> **Provided entries**
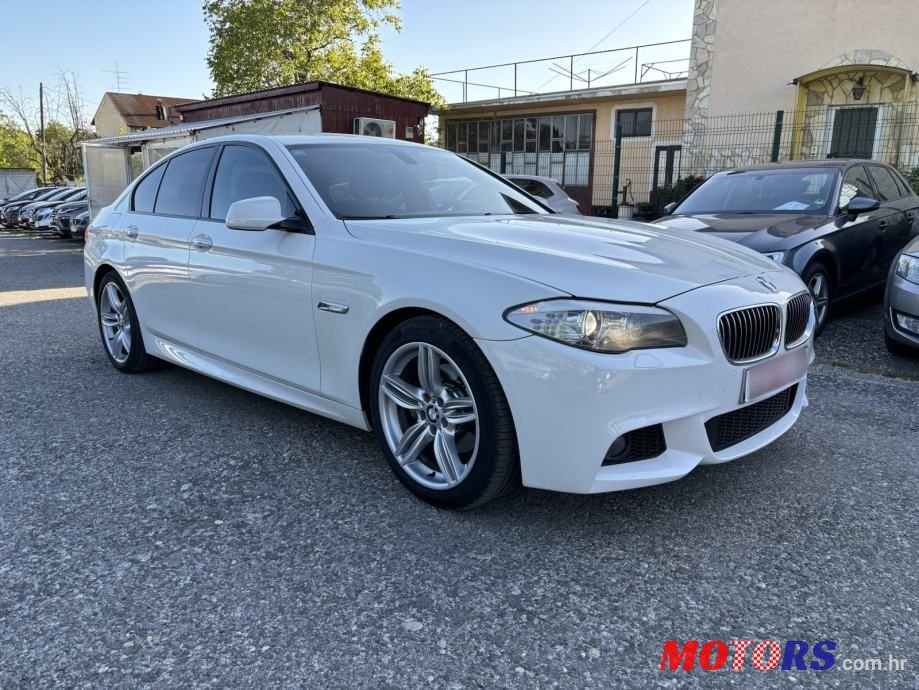 2013' BMW Serija 5 520D photo #3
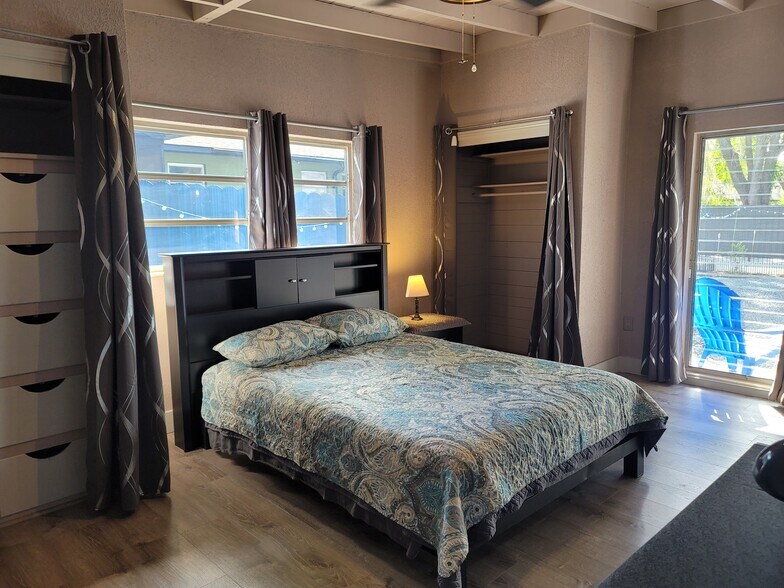 Building Photo - 5321 NE 29th St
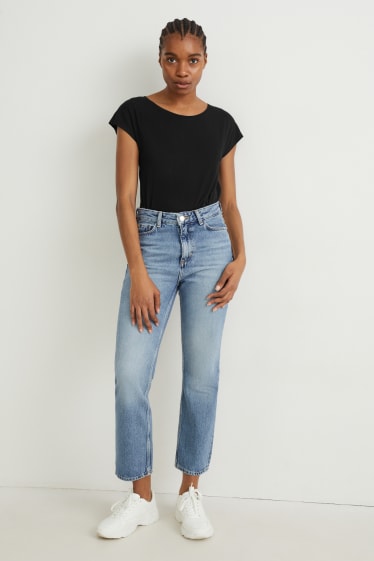 Women - Basic T-shirt - black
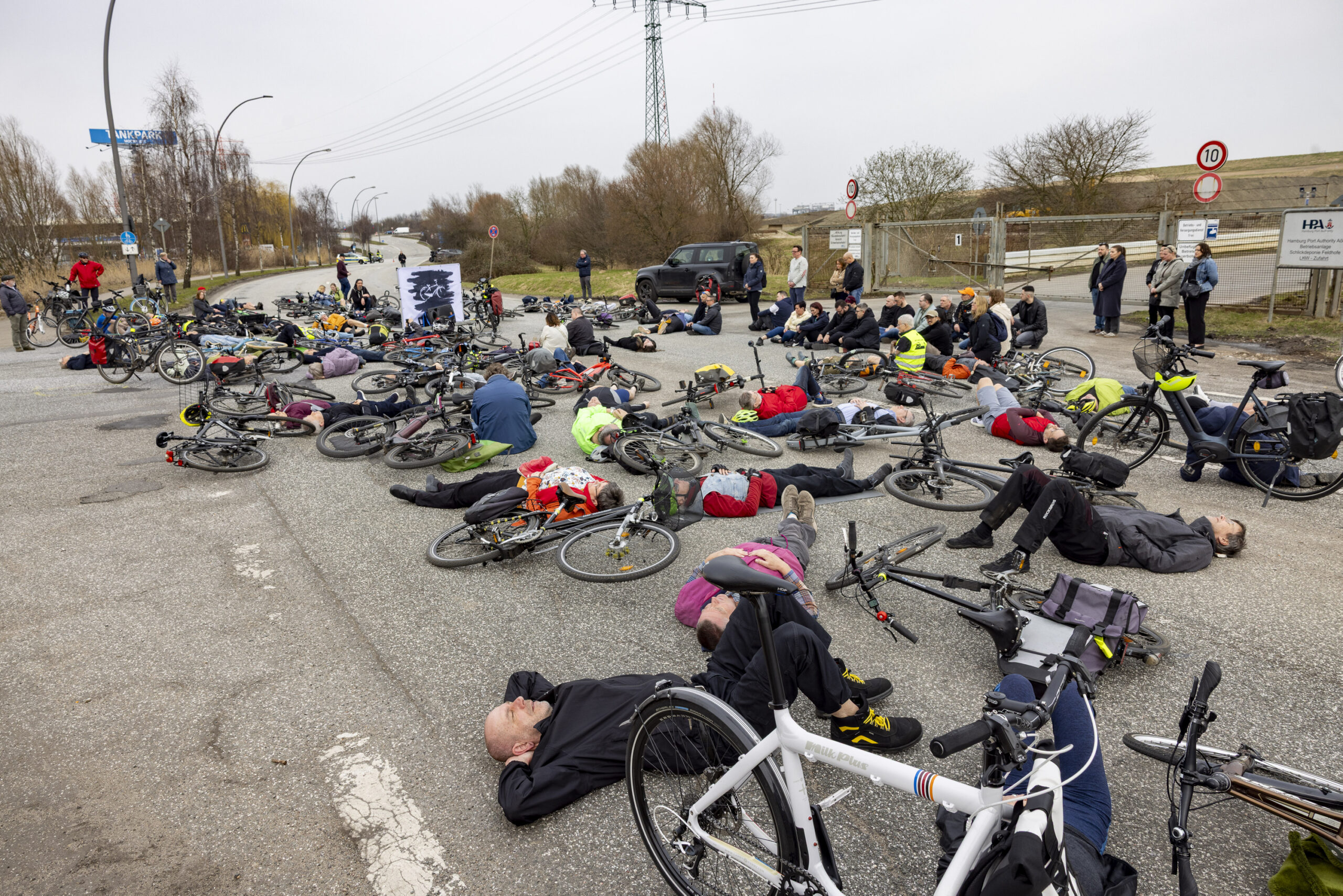 Mahnwache auf der Amandus-Stubbe-Straße 10 in Moorfleet: Rund 80 Menschen legten sich auf die Straße.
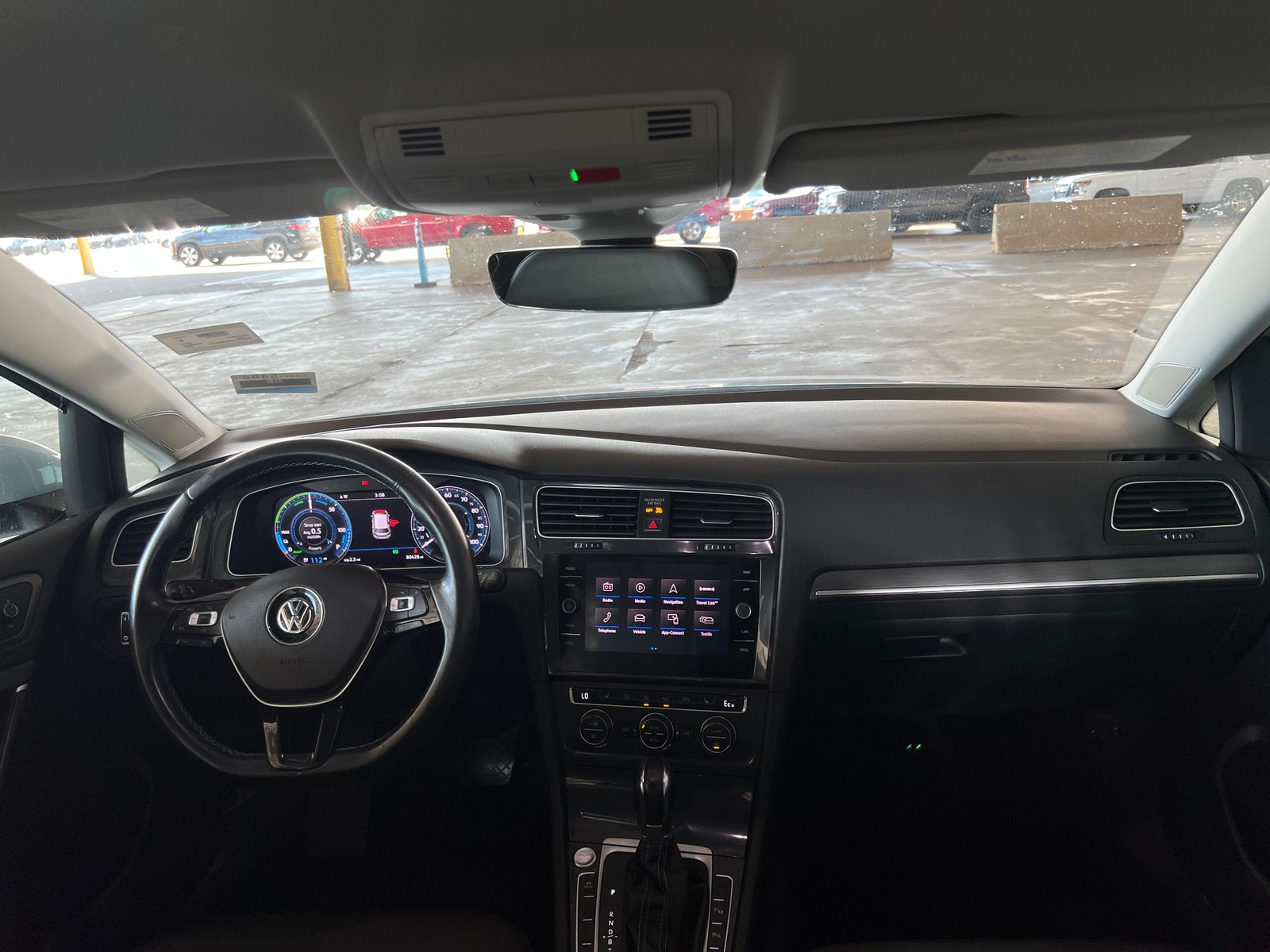Thumbnail: 2017 Volkswagen e-Golf - 2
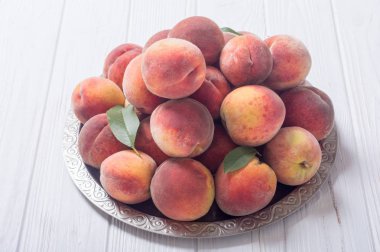 Olgun Şeftali meyve rustik arka plan üzerinde. Yaz sağlıklı gıda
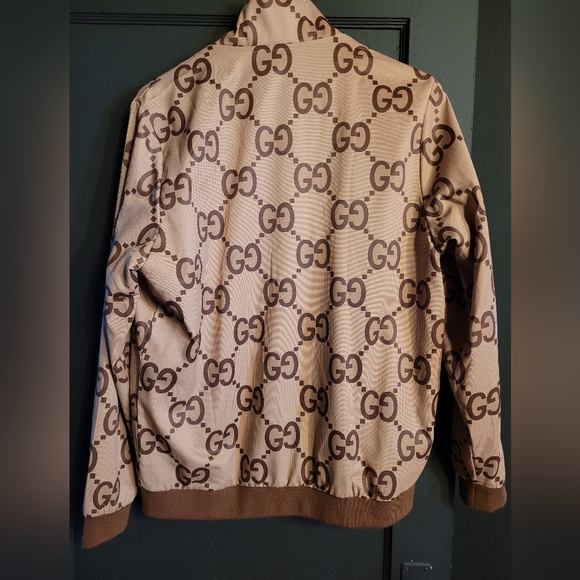 BNWT Logo Jacket - Medium - Picture 3 of 4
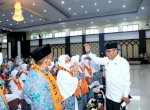 Taufan Pawe Serahkan Jemaah Calon Haji Asal Kota Parepare ke Asrama Haji Makassar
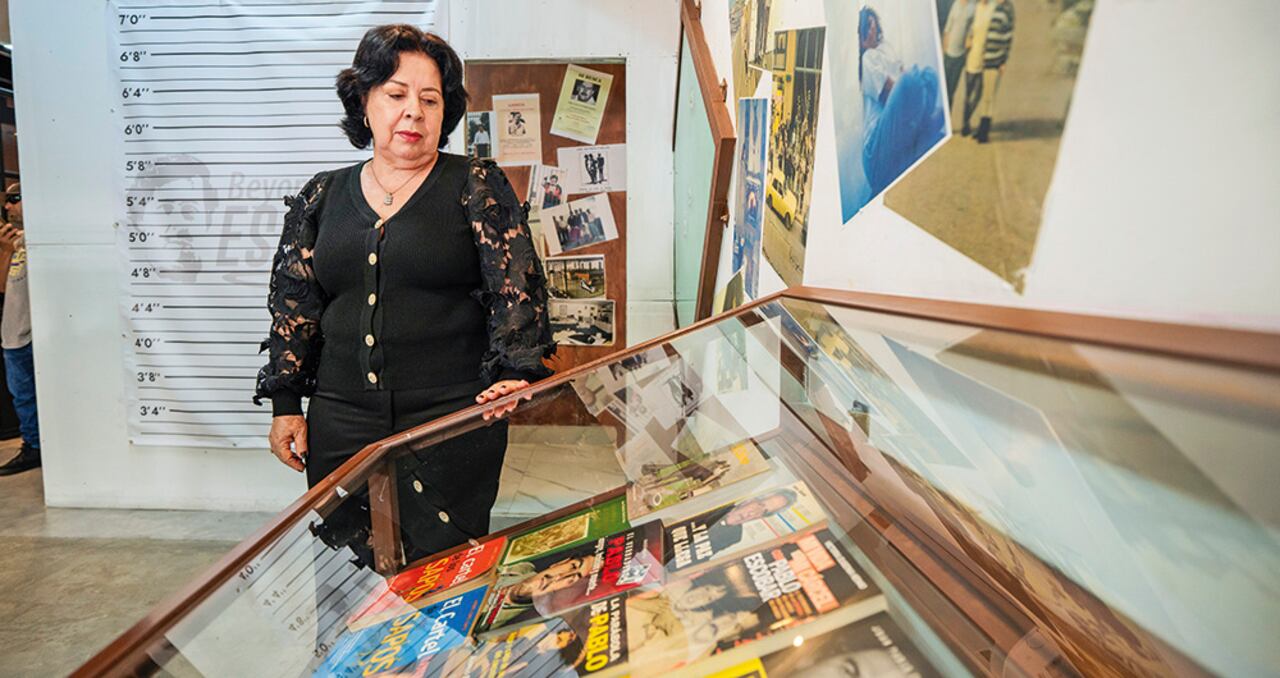 La hermana de Pablo Escobar recorrió el museo del narcotraficante en la comuna 13 de Medellín y desempolvó sus recuerdos.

> **Task prompt**
Extract exactly the lines from the one containing "Thumbnail: 2017 Volkswagen e-Golf - 2" through the last line of the records above, both included, and leave out the pictures.

> **Result**
Thumbnail: 2017 Volkswagen e-Golf - 2
 Olgun Şeftali meyve rustik arka plan üzerinde. Yaz sağlıklı gıda
 BNWT Logo Jacket - Medium - Picture 3 of 4
 Taufan Pawe Serahkan Jemaah Calon Haji Asal Kota Parepare ke Asrama Haji Makassar
 La hermana de Pablo Escobar recorrió el museo del narcotraficante en la comuna 13 de Medellín y desempolvó sus recuerdos.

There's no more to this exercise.